**** DATA SECTION ****

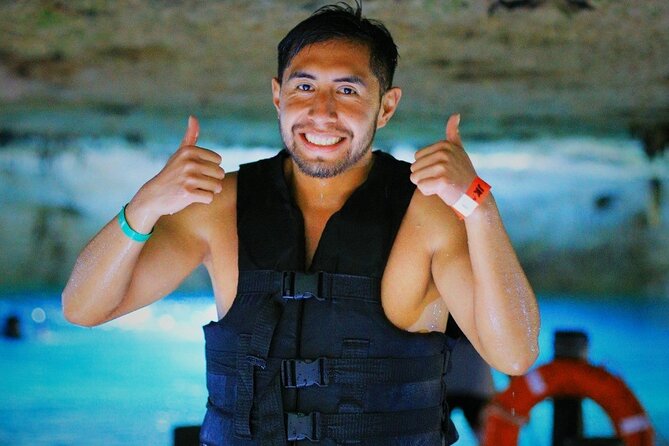 Best ATV & Mavericks Experience in Cancun + Cenote + Zip Lines - Hotel pickup, timing, and group size that keeps it moving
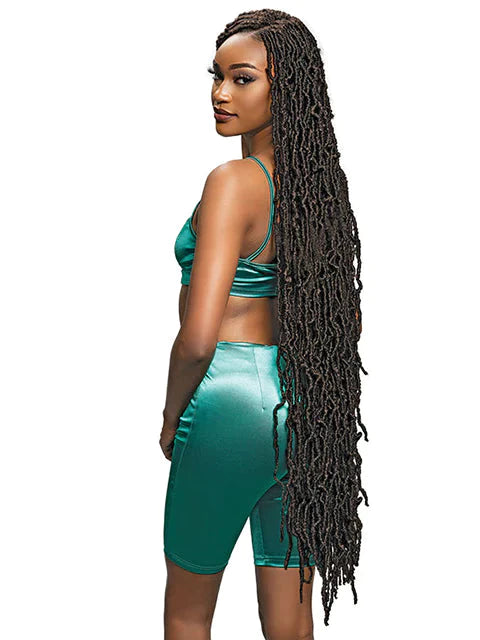 Janet Collection Nola Tress 2X BORN LOCS Crochet Braid 40 Find Your New Look Today!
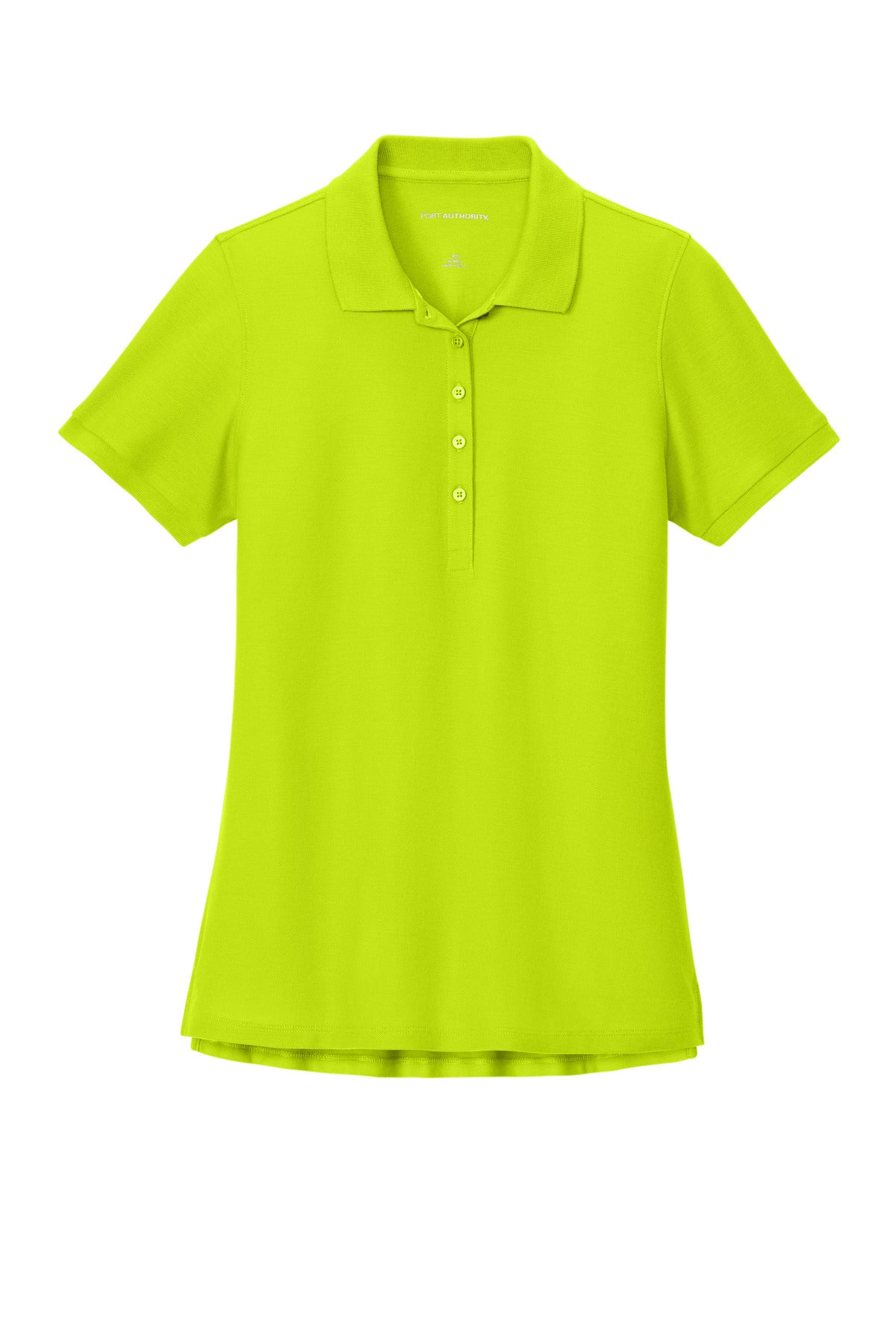 Port Authority® Tall Wearever Signature Pique Polo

****

:: TASK DESCRIPTION ::
The listing above is to be written out again exactly, with its pictures omitted.

:: FINISHED EXERCISE ::
 Best ATV & Mavericks Experience in Cancun + Cenote + Zip Lines - Hotel pickup, timing, and group size that keeps it moving
 Janet Collection Nola Tress 2X BORN LOCS Crochet Braid 40 Find Your New Look Today!
 Port Authority® Tall Wearever Signature Pique Polo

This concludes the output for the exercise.